For years now, if you wanted to write code to run in a browser, your choices were JavaScript or JavaScript. For a couple of brief periods on certain browsers, there were other languages you could use, but they weren’t significant: VBScript on IE and Dart on a special build of Chrome.
There are also languages that compile down to JavaScript (TypeScript, CoffeeScript, …), but they were still really JavaScript under the covers. The JavaScript monoculture’s days are numbered with the advent of WebAssembly (Wasm). For .NET developers, Wasm is arriving in the form of Blazor.
WebAssembly is a specification for a virtual machine in the browser that supports running Wasm bytecode. This binary format allows for faster execution than typical JavaScript so the performance can be better than pure JavaScript. There are a number of compilers that can output this format including LLVM. So it is possible now to write code in C++, compile it to Wasm assembly, send it to a browser, and run it directly.
The browser support for Wasm is quite broad. Even on older browsers, support is available via asm.js, all be it at a lower performance threshold.
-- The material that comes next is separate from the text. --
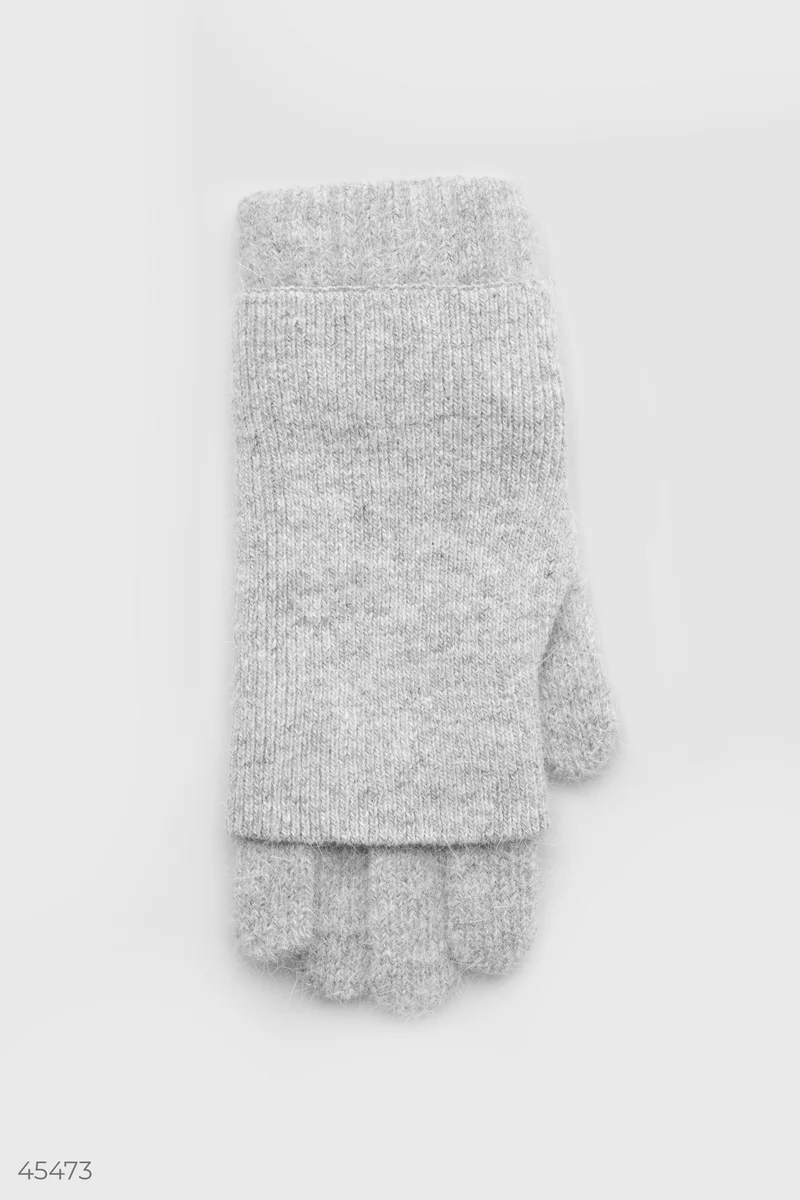 Мягкие вязаные перчатки из двух слоев фотография 4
A number of languages have started projects to bring their languages to WebAssembly by outputting Wasm assembly. The approach that Microsoft has taken is a little bit different from most of the other platforms. Typically you would compile your output binaries to Wasm and then load them directly in the browser. However, .NET binaries are already in a generic language designed to run on the .NET Framework: Intermediate Language. So if instead of compiling your code to Wasm, they compiled the framework itself to Web Assembly, they could interpret the same binaries they have already using this Wasm version of the framework.
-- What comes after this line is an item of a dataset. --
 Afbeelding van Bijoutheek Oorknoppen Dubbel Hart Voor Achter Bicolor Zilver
There are, of course, a few different flavors of the .NET Framework unified by .NET Standard. The version that runs as WebAssembly is actually Mono. There has been some concern voiced about using Mono over .NET Core, which I can kind of understand. It is slightly annoying to use several .NET frameworks, but the standardization efforts between the various frameworks are very good.
I like to tell people that Blazor and compiling the entire .NET Framework to Wasm is totally bonkers. The thing is that Blazor is a project of Steve Sanderson’s, who has previously created some great bonkers projects in the past: xVal, Knockout, JavaScript services. So as bonkers projects go, we’re in excellent hands.
Blazor is a highly experimental project to bring an ASP.NET feel to Wasm. You write your code in C# using all the tools you recognize and remember. You can still unit test using the same tools you have in the past. You can also still use the same logging tools like Retrace. In effect, you can take all of your C# knowledge and just write web applications.
There are currently two models for Blazor: a client-side and server-side model. The client-side version actually runs in the browser through Wasm and updates to the DOM are done there, while the server-side model retains a model of the DOM on the server and transmits diffs back and forth between the browser and the server using a SignalR pipeline. Server-side is more likely to become a real product and has, in fact, been promised for ASP.NET Core 3, which sounds like it is about a year away.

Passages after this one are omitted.